The roof is of corrugated iron. The roof of the front wing is a hipped roof with a small gable introduced into the centre edge of each end and on the centre front edge. A finial projects through each of these. This gable and finial also exists in the centre edge of the roof on the SSW side of the building. The verandah roofs are stepped down from the main roof structure.

The steps on the NNE and WNW sides of the building appear to be cement rendered. The School House building features solid timber French doors however the ones on the upper level opening onto the verandah are glass and timber. Most French doors have fanlight windows above them. There are also a couple of heavy timber panelled doors. The original front entrance door has been replaced by a glass sliding door, however a panel of the original etched glass that would have surrounded the front door is still visible. Glass and metal louvres have replaced the original windows in the building however an original sash window still exists at the front of the building on the upper storey. Two window openings on the WNW side of the building have been bricked up however the flat arches of these window openings are still visible in the brickwork. The building and an older metal ladder at the ESE end of the front verandah. For comfort some modern features have been added to the building.

== Heritage listing ==
School House was listed on the Queensland Heritage Register on 31 December 2002 having satisfied the following criteria.

The place is important in demonstrating the evolution or pattern of Queensland's history.

The School House, erected 1903–4 as the Townsville Grammar School and as a replacement for the cyclone-damaged 1888 grammar school building on the same site, is important in demonstrating the history of education and the development of grammar schools in Queensland. Townsville Grammar School, opened in 1888, was the only grammar school established in North Queensland, and played an important role in the provision of subsidised secondary education to the North Queensland community, prior to the establishment of state secondary schools. It is also the longest surviving co-educational grammar school in Queensland. The place is also important to the history of Queensland because of its role as an aircraft monitoring and air raid warning centre during the Second World War.

The place is important in demonstrating the principal characteristics of a particular class of cultural places.

School House is important in demonstrating the principal characteristics of an early 20th century grammar school building, including provision for boarders.

The place is important because of its aesthetic significance.

The building is important also in demonstrating the aesthetic achievements of early 20th century tropical architecture.

The place is important in demonstrating a high degree of creative or technical achievement at a particular period.

The building is important also in demonstrating the technical achievements of early 20th century tropical architecture.

The place has a strong or special association with a particular community or cultural group for social, cultural or spiritual reasons.

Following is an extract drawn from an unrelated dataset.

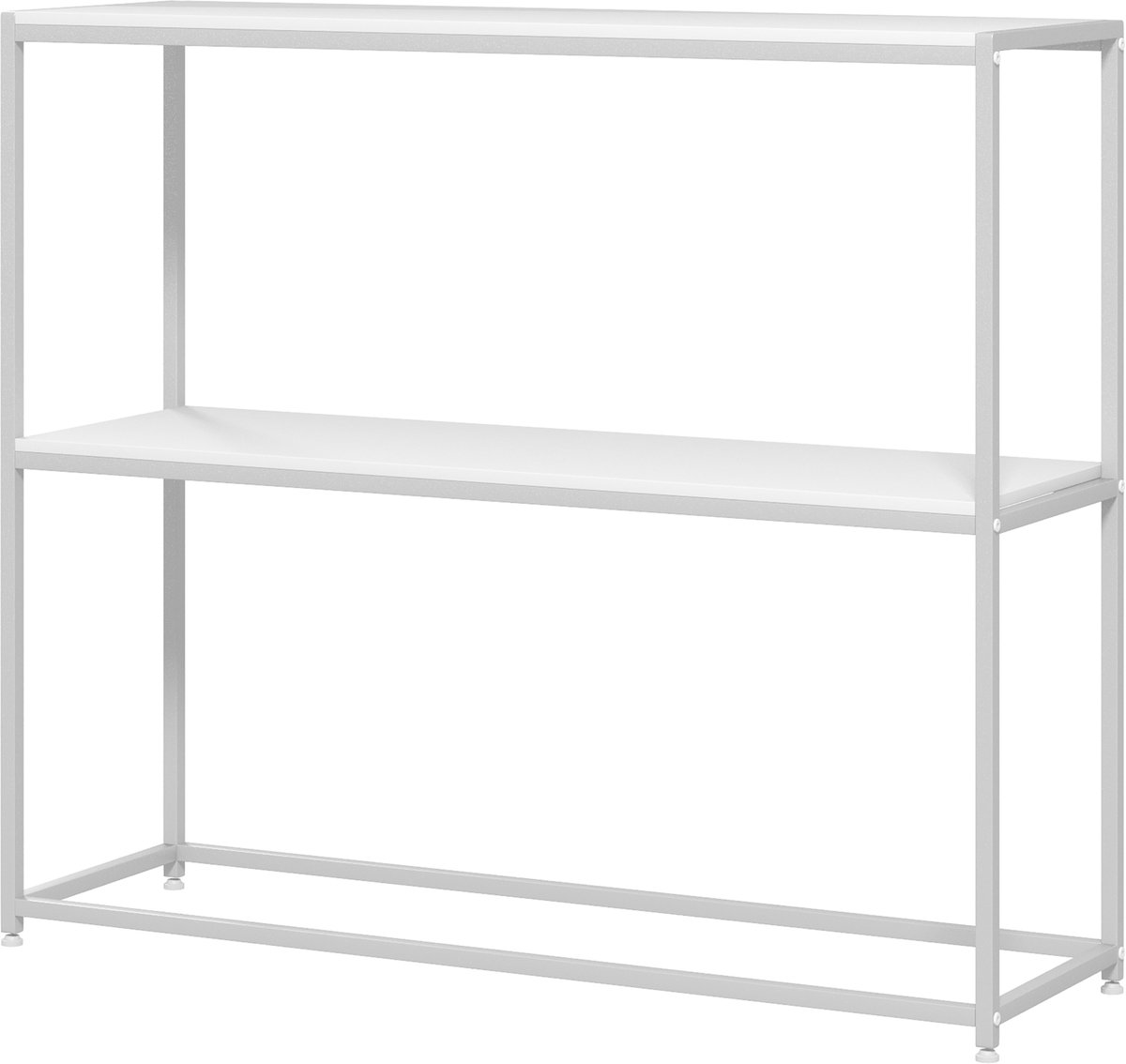 Consoletafel, ingangstafel, stalen frame, 2 planken, modern design, voor woonkamer, entree, hal, 100 x 30 x 87 cm, wit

School House has a special association with the Townsville community and the community of the Townsville Grammar School for social and cultural reasons.

The place has a special association with the life or work of a particular person, group or organisation of importance in Queensland's history.

The place also has a special association with the work of WH Tunbridge, one of North Queensland's leading architects and engineers in the late 19th and early 20th centuries.